**Description of the task**
Please retype the line that contains "Villa Ddosi Aewol Pool *" and all lines that follow it to the end of the entries below, exactly as they stand, with nothing added.
==================================================
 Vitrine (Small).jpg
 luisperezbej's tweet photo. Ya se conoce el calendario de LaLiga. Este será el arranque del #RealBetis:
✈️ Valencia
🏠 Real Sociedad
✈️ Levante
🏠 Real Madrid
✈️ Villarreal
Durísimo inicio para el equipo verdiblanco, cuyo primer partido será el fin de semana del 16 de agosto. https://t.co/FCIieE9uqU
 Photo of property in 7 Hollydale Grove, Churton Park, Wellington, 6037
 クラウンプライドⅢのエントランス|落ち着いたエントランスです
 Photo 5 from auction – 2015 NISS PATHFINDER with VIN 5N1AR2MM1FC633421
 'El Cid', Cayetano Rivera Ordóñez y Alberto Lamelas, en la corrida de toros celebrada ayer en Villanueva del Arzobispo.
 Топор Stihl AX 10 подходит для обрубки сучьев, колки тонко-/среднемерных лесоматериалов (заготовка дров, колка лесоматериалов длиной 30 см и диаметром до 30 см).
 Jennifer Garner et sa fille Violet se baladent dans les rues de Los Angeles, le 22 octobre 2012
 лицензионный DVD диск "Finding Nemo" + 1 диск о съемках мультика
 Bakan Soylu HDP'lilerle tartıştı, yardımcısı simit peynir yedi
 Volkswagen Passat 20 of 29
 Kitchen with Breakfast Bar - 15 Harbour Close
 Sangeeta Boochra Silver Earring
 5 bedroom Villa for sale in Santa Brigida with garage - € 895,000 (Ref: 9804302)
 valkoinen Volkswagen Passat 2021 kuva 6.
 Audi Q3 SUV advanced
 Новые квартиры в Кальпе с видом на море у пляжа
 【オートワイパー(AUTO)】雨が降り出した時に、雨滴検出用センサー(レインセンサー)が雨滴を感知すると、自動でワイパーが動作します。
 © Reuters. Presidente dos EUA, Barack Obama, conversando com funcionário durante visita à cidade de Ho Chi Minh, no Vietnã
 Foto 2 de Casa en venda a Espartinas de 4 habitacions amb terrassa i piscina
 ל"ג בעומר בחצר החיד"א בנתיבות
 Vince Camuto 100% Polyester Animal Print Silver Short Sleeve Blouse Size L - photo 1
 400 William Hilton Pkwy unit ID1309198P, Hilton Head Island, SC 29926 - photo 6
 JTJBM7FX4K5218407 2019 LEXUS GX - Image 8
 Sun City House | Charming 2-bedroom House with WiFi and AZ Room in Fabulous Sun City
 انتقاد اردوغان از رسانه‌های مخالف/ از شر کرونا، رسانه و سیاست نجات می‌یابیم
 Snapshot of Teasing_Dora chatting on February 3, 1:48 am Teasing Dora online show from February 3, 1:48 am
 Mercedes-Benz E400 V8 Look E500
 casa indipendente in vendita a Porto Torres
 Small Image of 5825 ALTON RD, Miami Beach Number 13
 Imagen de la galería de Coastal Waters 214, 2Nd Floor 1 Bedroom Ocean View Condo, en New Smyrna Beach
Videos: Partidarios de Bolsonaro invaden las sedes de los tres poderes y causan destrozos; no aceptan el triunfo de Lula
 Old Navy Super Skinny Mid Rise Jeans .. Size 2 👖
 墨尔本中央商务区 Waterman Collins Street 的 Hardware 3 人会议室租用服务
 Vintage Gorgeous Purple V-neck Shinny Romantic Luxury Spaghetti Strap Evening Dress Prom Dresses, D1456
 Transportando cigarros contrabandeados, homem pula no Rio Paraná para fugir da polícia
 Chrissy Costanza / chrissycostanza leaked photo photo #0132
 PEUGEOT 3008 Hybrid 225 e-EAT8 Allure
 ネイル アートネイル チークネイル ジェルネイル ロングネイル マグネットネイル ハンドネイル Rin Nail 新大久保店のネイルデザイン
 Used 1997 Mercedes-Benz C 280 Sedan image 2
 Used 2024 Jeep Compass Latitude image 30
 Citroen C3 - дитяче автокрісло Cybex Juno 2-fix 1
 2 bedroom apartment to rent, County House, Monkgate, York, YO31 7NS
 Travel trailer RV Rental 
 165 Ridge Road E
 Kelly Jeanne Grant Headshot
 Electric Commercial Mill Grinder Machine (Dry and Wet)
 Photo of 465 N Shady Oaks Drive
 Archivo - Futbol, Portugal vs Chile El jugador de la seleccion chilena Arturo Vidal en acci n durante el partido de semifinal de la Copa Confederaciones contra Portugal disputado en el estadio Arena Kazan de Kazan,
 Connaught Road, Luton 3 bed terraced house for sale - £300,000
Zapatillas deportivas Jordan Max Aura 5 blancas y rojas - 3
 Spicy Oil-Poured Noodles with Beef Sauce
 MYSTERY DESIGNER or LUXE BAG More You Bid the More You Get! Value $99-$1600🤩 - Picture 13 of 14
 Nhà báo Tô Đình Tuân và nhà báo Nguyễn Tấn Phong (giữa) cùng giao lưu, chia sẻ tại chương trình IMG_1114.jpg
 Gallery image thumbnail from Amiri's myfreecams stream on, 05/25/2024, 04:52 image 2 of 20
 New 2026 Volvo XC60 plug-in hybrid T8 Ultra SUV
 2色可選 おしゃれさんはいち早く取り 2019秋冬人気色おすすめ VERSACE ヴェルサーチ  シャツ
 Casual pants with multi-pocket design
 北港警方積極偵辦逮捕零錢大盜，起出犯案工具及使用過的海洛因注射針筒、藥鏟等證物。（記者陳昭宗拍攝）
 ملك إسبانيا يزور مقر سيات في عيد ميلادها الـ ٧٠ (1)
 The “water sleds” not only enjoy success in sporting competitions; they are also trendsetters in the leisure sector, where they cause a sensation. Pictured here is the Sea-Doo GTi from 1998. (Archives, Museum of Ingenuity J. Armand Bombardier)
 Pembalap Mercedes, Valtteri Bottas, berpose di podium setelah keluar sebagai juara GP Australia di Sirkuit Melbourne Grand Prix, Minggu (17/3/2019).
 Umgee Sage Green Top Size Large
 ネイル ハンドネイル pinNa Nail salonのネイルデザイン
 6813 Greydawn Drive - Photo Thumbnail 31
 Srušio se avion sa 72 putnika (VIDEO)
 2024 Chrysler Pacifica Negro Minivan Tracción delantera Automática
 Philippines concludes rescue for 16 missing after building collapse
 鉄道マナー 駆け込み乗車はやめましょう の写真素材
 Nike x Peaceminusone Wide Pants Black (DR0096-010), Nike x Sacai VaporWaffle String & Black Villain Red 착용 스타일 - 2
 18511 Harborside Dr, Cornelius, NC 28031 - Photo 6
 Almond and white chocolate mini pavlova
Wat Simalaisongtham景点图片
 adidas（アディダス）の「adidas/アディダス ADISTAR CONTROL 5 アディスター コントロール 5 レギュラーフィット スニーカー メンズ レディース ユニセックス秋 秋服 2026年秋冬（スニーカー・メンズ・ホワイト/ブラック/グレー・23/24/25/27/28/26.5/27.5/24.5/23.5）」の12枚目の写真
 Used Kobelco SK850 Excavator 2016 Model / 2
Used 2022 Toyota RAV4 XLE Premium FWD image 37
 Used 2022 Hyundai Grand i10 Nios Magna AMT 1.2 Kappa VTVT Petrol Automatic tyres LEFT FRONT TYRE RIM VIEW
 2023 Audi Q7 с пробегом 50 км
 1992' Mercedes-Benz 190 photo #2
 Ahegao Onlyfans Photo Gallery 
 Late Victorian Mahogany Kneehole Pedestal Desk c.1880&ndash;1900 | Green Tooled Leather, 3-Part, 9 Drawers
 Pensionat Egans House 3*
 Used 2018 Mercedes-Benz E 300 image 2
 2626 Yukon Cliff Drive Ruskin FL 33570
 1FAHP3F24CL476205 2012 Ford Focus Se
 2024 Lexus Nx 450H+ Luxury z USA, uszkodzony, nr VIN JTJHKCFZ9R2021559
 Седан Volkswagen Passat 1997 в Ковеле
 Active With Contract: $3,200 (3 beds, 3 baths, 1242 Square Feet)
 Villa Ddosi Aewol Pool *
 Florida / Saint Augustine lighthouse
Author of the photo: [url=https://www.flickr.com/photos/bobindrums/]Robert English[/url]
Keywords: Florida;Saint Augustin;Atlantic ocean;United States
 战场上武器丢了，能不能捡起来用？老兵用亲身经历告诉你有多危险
==================================================
**Reply**
 Villa Ddosi Aewol Pool *
 Florida / Saint Augustine lighthouse
Author of the photo: [url=https://www.flickr.com/photos/bobindrums/]Robert English[/url]
Keywords: Florida;Saint Augustin;Atlantic ocean;United States
 战场上武器丢了，能不能捡起来用？老兵用亲身经历告诉你有多危险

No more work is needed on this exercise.